◆ ASSIGNED TASK ◆
Copy out the listing that follows, exactly, without its pictures.

◆ INFORMATION SHOWN ◆
■ ■ ■ ■

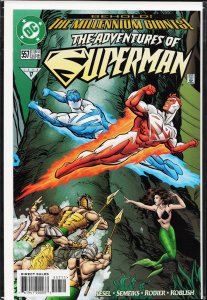 Adventures of Superman #557 (1998) Superman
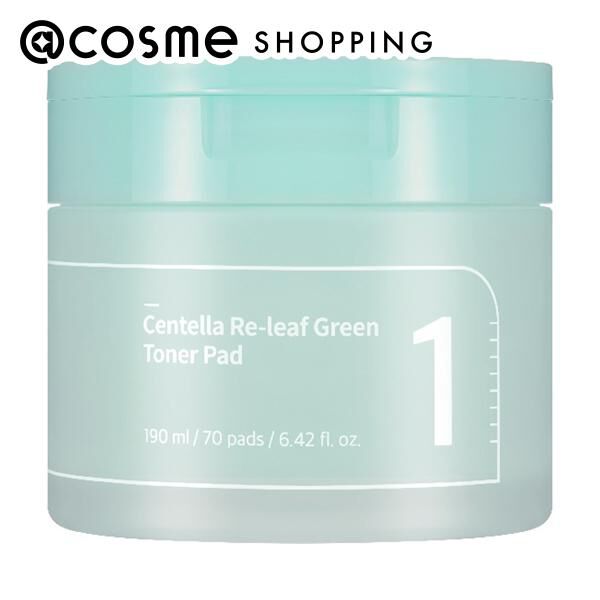  「ナンバーズイン(numbuzin) 1番シカ丸ごと水分整肌パッド (70枚)」|化粧水|その他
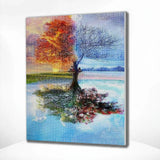 Diamond Painting 4 Seizoenen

■ ■ ■ ■

◆ EXPECTED ANSWER ◆
 Adventures of Superman #557 (1998) Superman
  「ナンバーズイン(numbuzin) 1番シカ丸ごと水分整肌パッド (70枚)」|化粧水|その他
 Diamond Painting 4 Seizoenen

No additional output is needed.